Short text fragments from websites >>

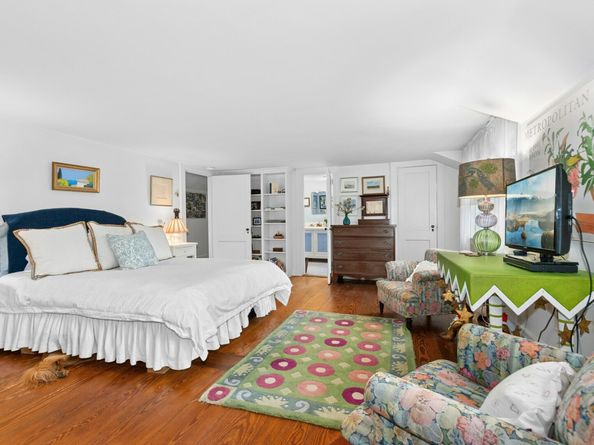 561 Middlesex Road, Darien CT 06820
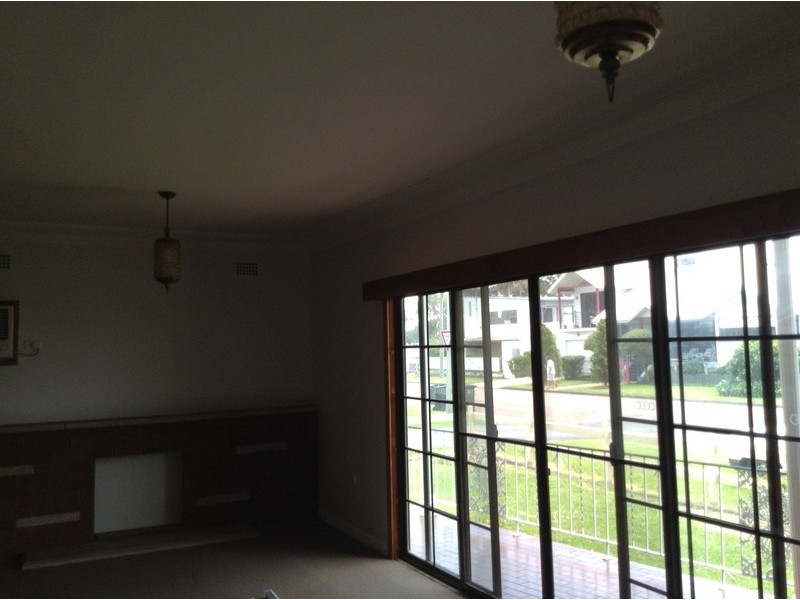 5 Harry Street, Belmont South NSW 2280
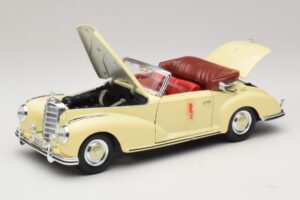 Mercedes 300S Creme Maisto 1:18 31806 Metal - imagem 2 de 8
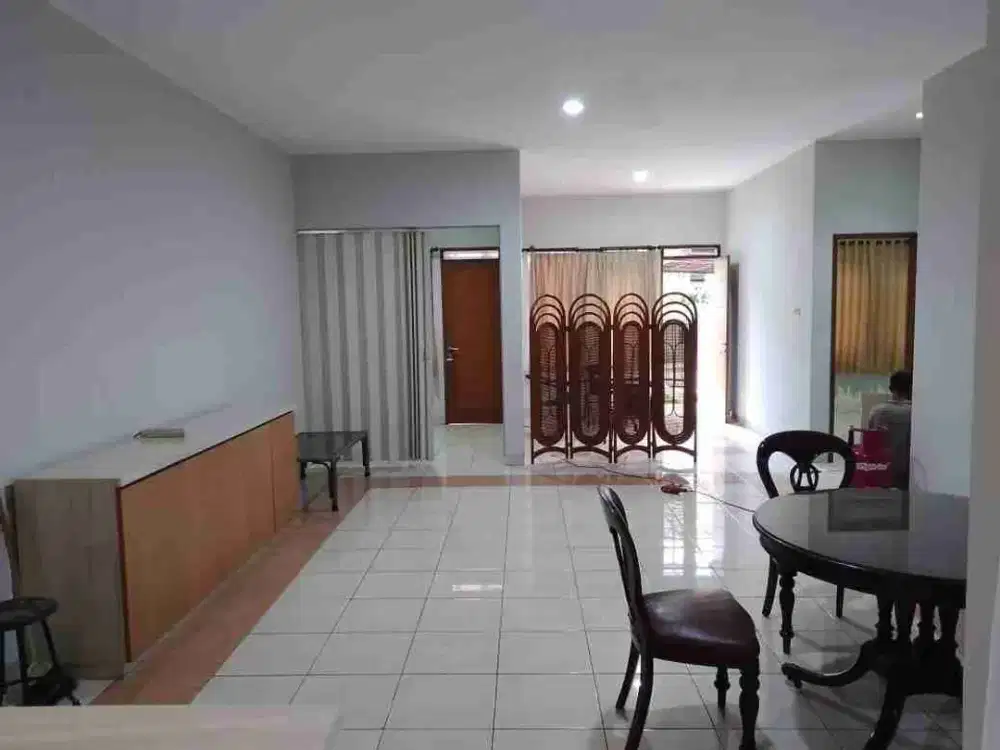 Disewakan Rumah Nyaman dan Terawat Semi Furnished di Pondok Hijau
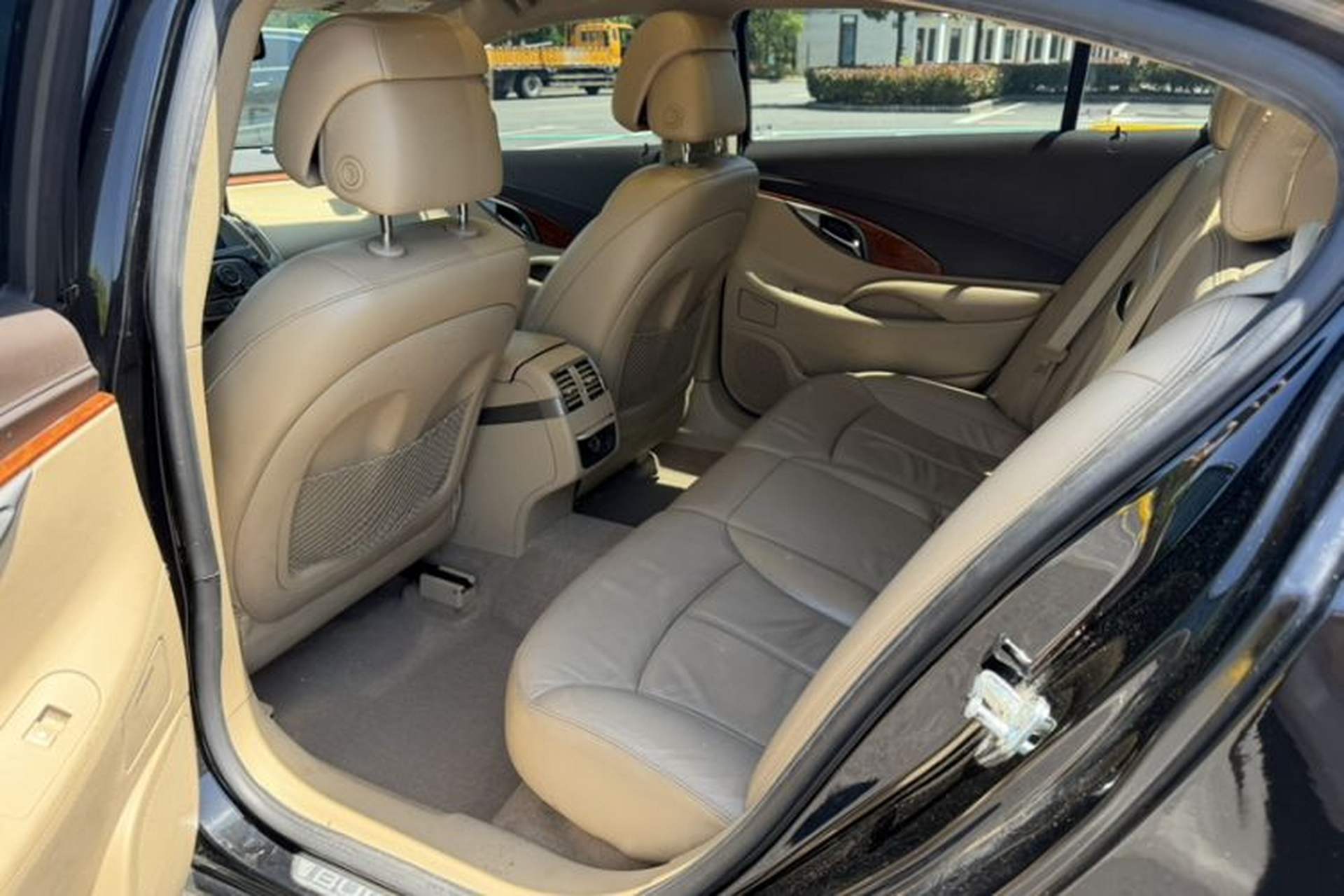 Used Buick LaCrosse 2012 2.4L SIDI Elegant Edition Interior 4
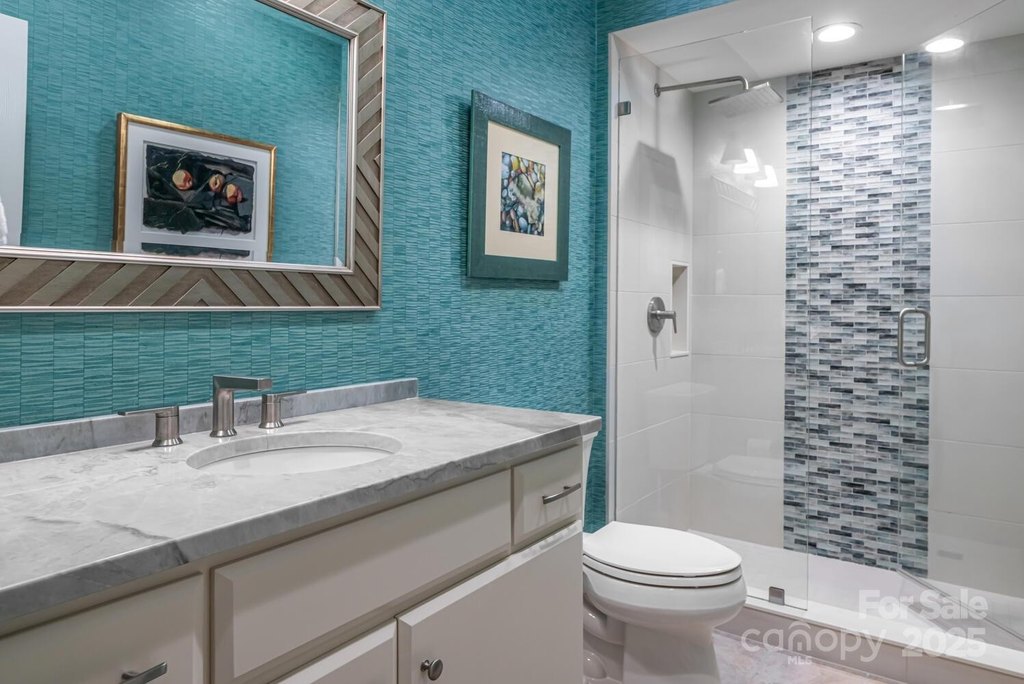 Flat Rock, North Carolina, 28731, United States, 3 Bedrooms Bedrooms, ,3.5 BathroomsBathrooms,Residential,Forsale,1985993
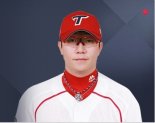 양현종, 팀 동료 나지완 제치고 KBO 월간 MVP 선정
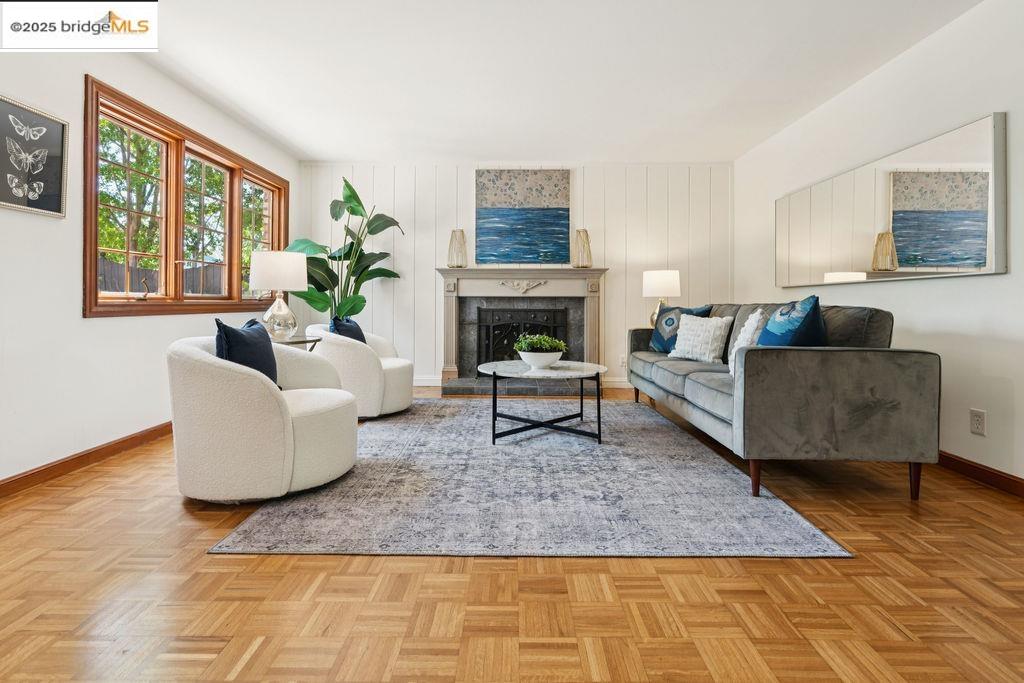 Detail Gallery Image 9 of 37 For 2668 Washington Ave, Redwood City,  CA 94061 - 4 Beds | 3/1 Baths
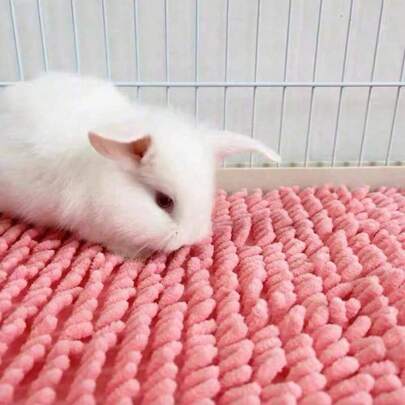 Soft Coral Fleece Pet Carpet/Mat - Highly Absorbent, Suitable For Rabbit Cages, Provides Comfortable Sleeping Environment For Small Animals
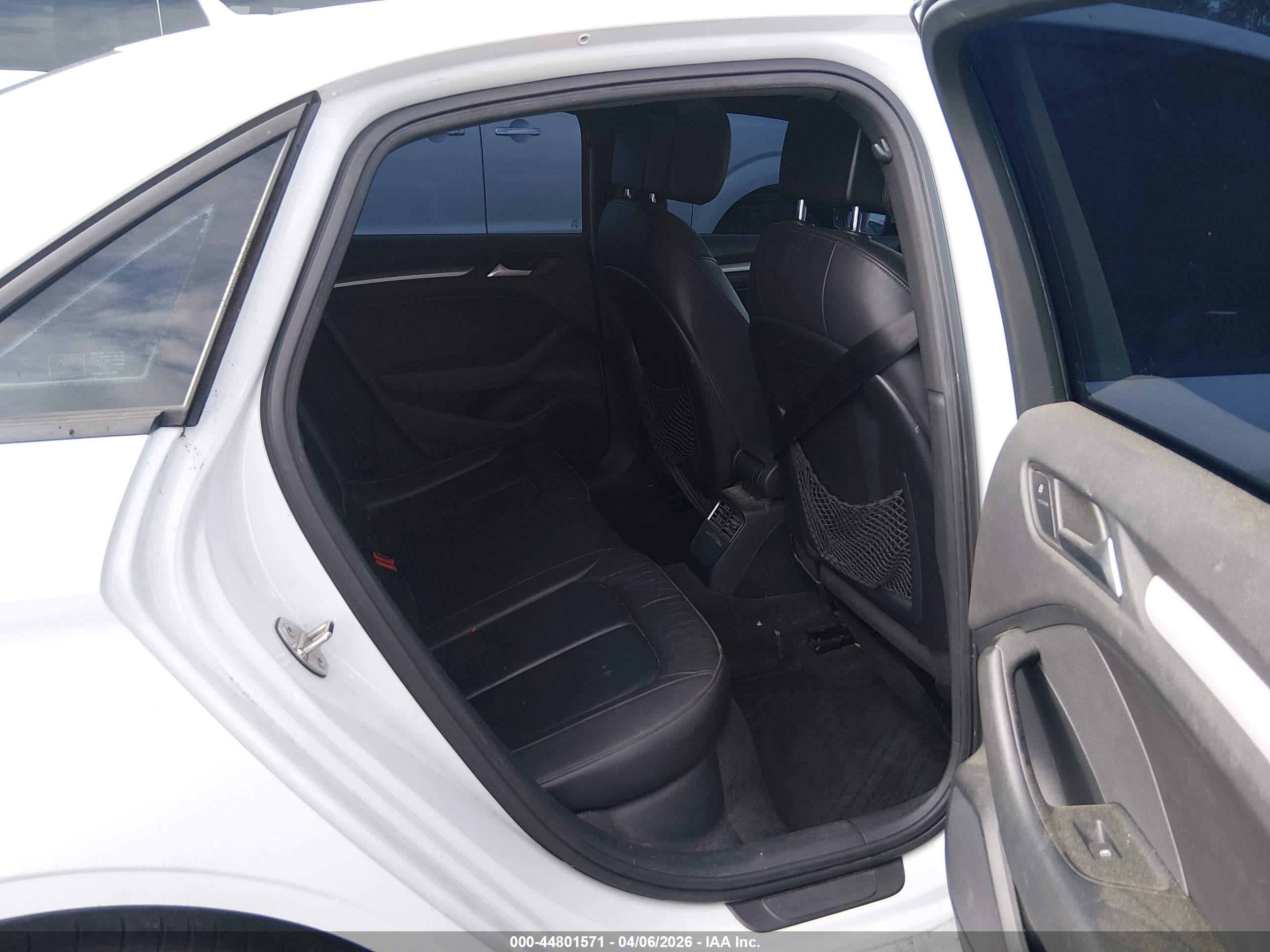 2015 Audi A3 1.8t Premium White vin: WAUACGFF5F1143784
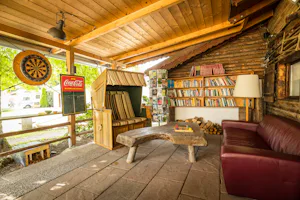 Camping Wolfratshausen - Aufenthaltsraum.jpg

Assigned task >> What the answer needs is every line from the one with "Soft Coral Fleece" through the last line of the data, reproduced word for word and with pictures omitted.

Written answer >>
 Soft Coral Fleece Pet Carpet/Mat - Highly Absorbent, Suitable For Rabbit Cages, Provides Comfortable Sleeping Environment For Small Animals
 2015 Audi A3 1.8t Premium White vin: WAUACGFF5F1143784
 Camping Wolfratshausen - Aufenthaltsraum.jpg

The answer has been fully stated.